== Available data ==
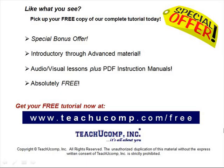Like what you see? Pick up your free copy of the complete tutorial at www.teachucomp.com forward slash free.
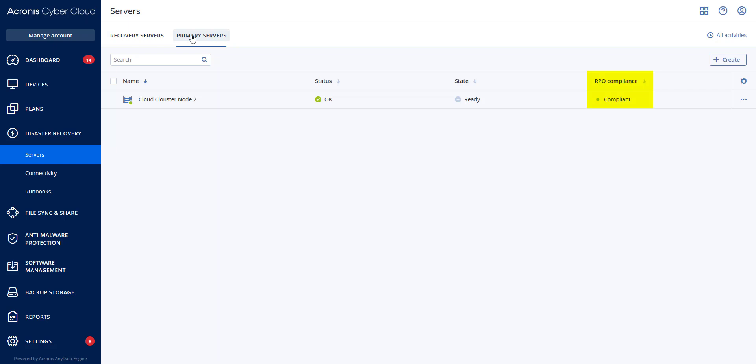Each has an RPO compliance setting to see if you are within the times established for your RPO. If you go to the RPO compliance column and click on this, you will see the actual RPO compared to the RPO threshold that was established.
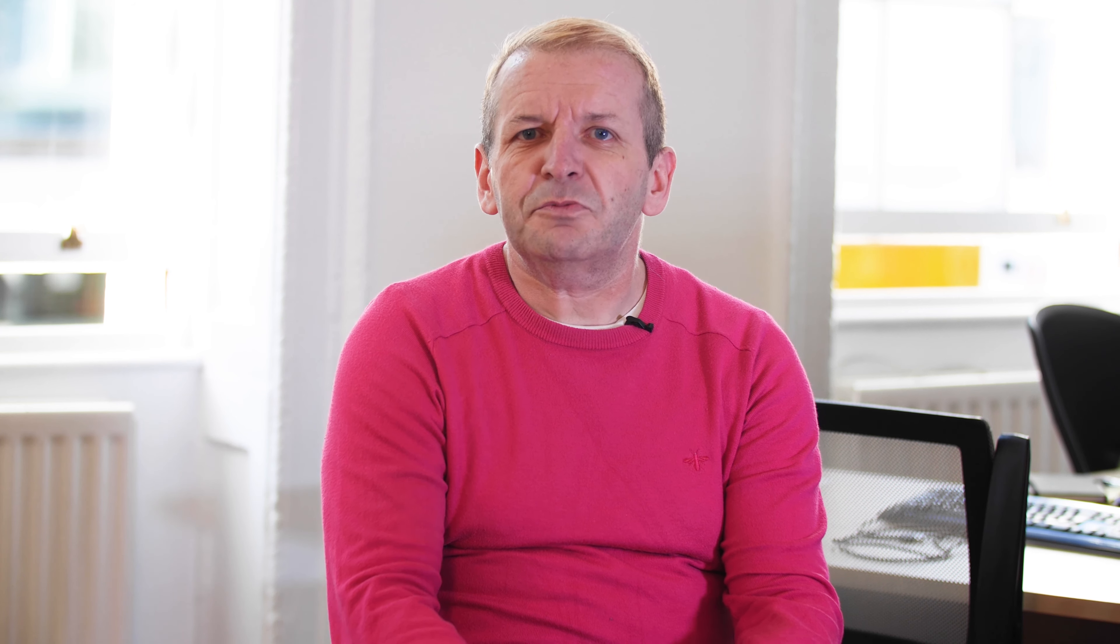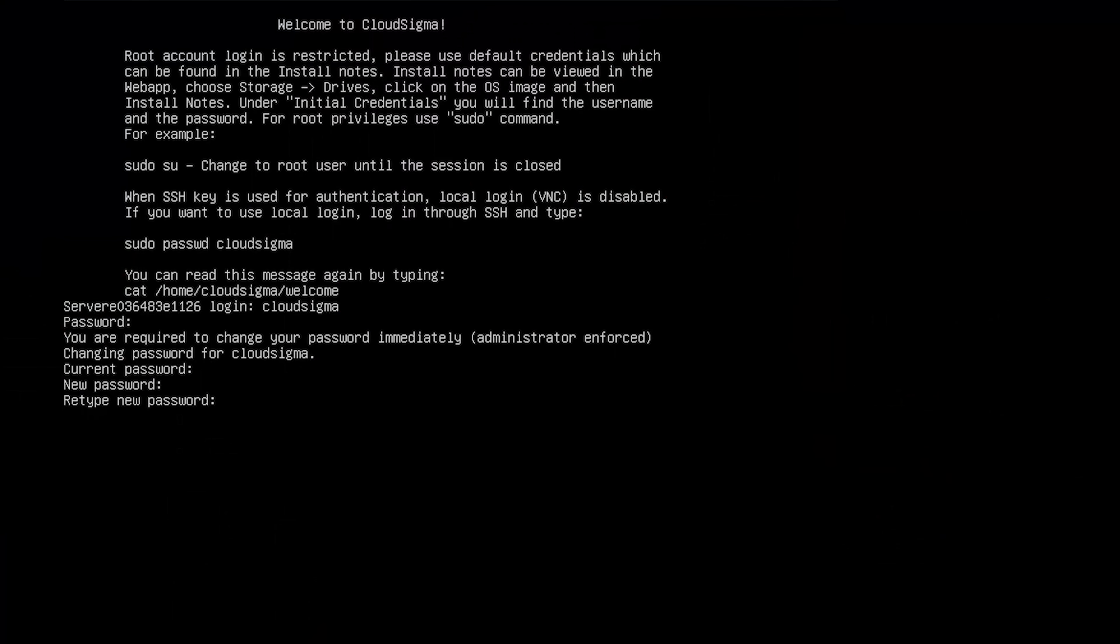With our system you no longer need to choose a certain package. You can have a server that's defined exactly as you need it and you can instantaneously change that server in terms of CPU, memory, and storage live as you go.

== Exercise details ==
Your reply should consist of the data, transcribed exactly, and should hold no pictures.

== The completed task ==
Like what you see? Pick up your free copy of the complete tutorial at www.teachucomp.com forward slash free.
Each has an RPO compliance setting to see if you are within the times established for your RPO. If you go to the RPO compliance column and click on this, you will see the actual RPO compared to the RPO threshold that was established.
With our system you no longer need to choose a certain package. You can have a server that's defined exactly as you need it and you can instantaneously change that server in terms of CPU, memory, and storage live as you go.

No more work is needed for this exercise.